* TASK:
Whatever precedes the line containing "Midnight Satin Neckholderkleid" is not copied; that line and every line after it through the final one below are copied exactly, except pictures.
---------- DATA TO PROCESS
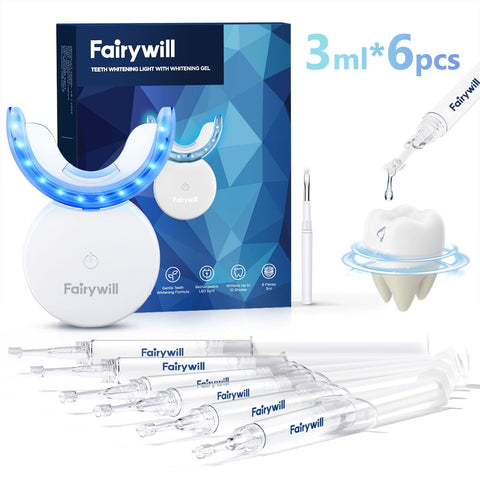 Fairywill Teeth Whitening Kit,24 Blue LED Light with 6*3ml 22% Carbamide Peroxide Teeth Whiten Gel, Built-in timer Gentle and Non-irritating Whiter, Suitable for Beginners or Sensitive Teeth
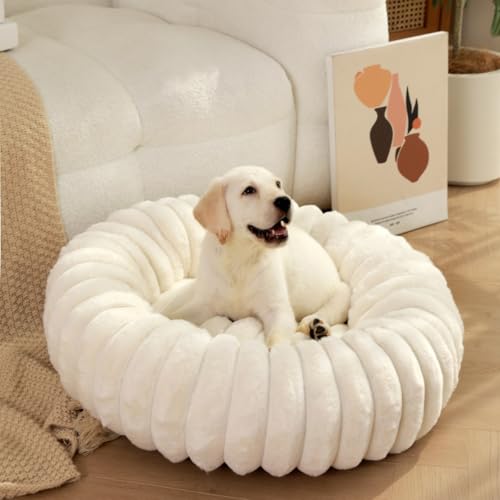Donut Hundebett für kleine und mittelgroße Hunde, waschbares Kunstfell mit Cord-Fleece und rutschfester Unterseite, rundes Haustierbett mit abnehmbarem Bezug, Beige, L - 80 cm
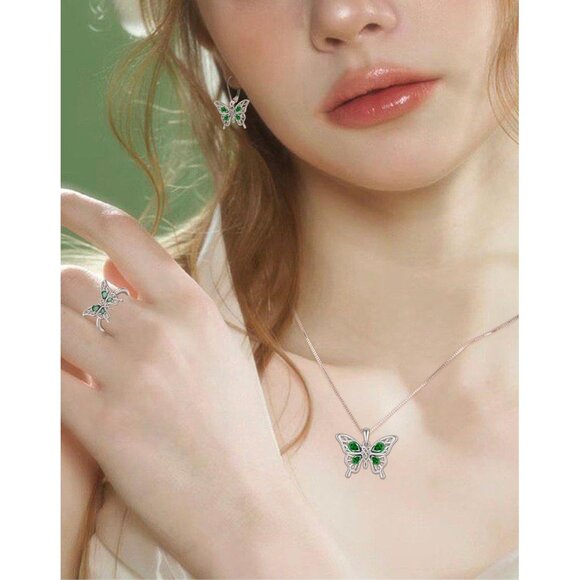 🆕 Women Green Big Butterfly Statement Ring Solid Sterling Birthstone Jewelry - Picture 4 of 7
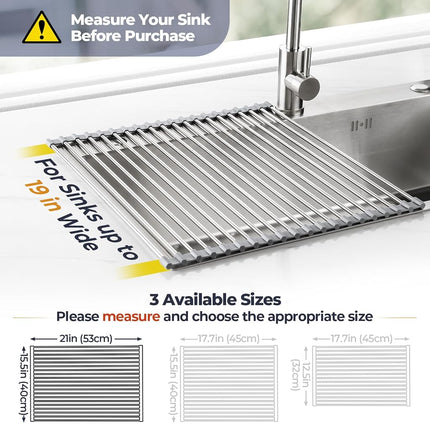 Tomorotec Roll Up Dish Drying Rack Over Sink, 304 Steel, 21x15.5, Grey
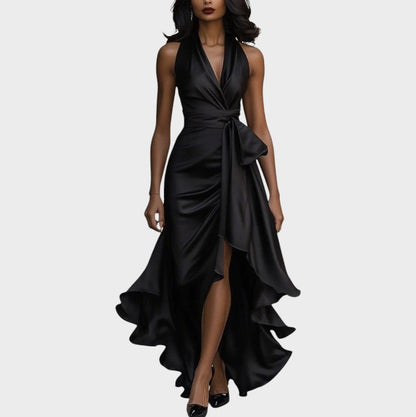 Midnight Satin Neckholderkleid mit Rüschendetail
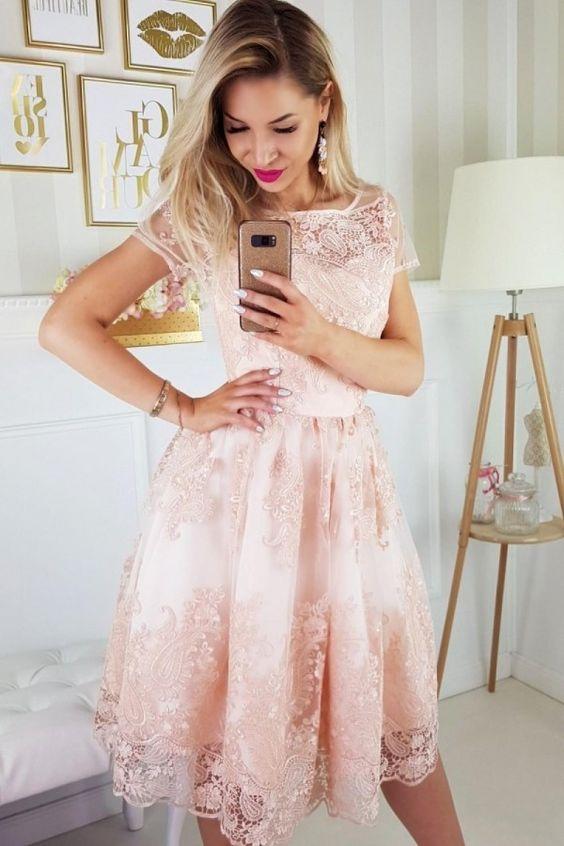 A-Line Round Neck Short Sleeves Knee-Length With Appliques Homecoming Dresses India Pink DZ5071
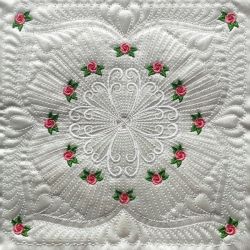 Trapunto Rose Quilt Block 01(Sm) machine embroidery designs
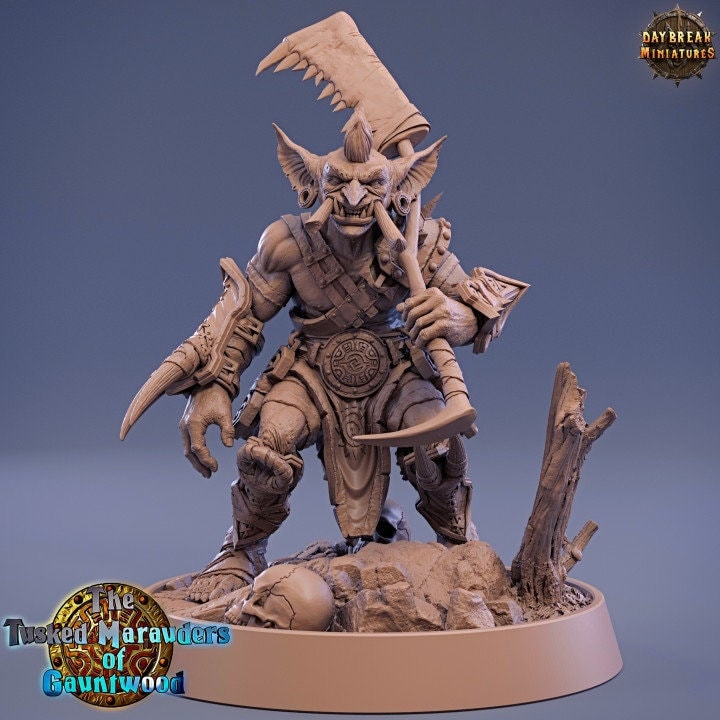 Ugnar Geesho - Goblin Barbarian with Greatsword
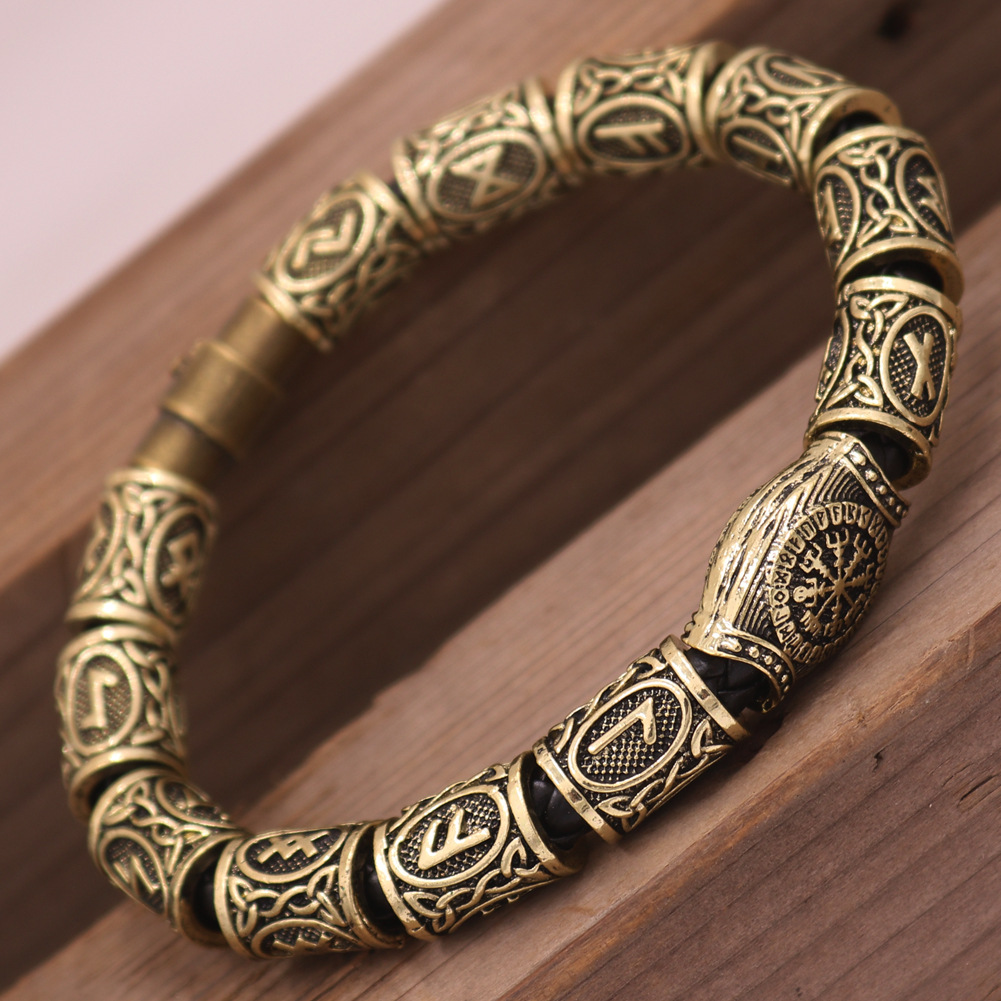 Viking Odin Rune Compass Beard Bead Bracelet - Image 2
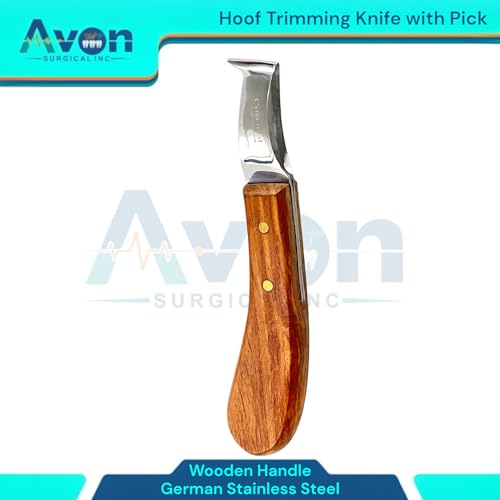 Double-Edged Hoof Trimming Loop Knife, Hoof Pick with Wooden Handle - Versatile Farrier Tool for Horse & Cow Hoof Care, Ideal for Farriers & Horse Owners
--------------------
* WRITTEN ANSWER:
 Midnight Satin Neckholderkleid mit Rüschendetail
 A-Line Round Neck Short Sleeves Knee-Length With Appliques Homecoming Dresses India Pink DZ5071
 Trapunto Rose Quilt Block 01(Sm) machine embroidery designs
 Ugnar Geesho - Goblin Barbarian with Greatsword
 Viking Odin Rune Compass Beard Bead Bracelet - Image 2
 Double-Edged Hoof Trimming Loop Knife, Hoof Pick with Wooden Handle - Versatile Farrier Tool for Horse & Cow Hoof Care, Ideal for Farriers & Horse Owners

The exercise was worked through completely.